The Center for Contemporary Arts is on the verge of closing after 30 years. All film screenings at the center s art-house cinema on Old Pecos Trail have been canceled. - Jane Phillips/The New Mexican
Santa Fe's CCA could close by year's end
Arts group looks for way out of financial crunch; film screenings canceled
Anne Constable and Robert Nott | The New Mexican
Posted: Thursday, December 24, 2009 - 12/24/09
Christmas is upon us, but no Santa Claus has yet come through to save
the Center for Contemporary Arts, which after years of fragile finances
appears on the verge of closing.
Lea Rekow, executive director of the Santa Fe nonprofit arts
organization, confirmed Thursday that board members informed her the
30-year-old center would close on Thursday — unless an angel with a big
wallet can be found to save the day.
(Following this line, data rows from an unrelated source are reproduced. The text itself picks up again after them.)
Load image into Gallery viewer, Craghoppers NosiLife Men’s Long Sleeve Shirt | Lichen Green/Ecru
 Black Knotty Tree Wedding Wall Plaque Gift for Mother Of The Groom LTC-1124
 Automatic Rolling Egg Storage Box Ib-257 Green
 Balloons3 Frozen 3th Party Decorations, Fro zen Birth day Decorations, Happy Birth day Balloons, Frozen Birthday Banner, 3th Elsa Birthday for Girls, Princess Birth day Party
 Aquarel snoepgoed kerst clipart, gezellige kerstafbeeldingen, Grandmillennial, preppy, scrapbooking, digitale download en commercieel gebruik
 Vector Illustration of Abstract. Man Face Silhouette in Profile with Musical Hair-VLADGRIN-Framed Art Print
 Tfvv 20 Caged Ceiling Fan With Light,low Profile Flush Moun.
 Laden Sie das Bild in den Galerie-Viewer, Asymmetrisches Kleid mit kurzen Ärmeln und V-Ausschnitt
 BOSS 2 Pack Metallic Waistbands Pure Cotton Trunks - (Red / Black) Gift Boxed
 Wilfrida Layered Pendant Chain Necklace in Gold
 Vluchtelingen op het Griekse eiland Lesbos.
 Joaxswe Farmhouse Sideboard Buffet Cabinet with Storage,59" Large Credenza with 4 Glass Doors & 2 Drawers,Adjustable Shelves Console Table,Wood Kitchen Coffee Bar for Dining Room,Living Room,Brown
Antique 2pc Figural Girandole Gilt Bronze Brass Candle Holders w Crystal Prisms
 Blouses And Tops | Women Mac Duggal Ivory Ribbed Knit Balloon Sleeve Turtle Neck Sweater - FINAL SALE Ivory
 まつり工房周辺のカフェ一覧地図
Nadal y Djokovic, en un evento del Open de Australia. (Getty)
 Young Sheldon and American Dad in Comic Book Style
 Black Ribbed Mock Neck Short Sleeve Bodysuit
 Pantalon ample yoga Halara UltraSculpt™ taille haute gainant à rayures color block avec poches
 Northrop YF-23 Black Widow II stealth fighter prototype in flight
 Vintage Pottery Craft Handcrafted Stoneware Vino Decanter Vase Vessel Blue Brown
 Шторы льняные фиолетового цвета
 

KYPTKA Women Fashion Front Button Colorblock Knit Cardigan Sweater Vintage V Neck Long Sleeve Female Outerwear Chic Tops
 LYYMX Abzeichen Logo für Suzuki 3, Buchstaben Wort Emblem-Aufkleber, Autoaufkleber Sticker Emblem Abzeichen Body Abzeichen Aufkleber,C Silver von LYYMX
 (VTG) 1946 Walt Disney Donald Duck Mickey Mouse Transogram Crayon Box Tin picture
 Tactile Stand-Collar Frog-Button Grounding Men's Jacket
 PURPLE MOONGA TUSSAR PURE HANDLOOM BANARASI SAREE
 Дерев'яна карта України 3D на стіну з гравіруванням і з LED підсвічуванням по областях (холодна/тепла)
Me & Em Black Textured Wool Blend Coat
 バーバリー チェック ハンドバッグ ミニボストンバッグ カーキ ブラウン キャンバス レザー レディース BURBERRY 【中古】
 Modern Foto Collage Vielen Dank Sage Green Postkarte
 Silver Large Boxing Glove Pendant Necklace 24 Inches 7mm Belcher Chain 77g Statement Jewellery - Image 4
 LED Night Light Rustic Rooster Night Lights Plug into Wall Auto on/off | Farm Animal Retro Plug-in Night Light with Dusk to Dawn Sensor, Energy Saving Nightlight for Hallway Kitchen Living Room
All film screenings at the
center's popular art-house cinema have been canceled.
But CCA board member William Siegal said all is not lost, and that the board will meet again this weekend.
"There are potential situations, possibilities that would allow us to go forward much stronger than ever," he told The New Mexican
on Thursday. "The situation has not yet been decided, and the board is
working hard to do everything it can to keep the organization afloat
and do right by the staff and the community."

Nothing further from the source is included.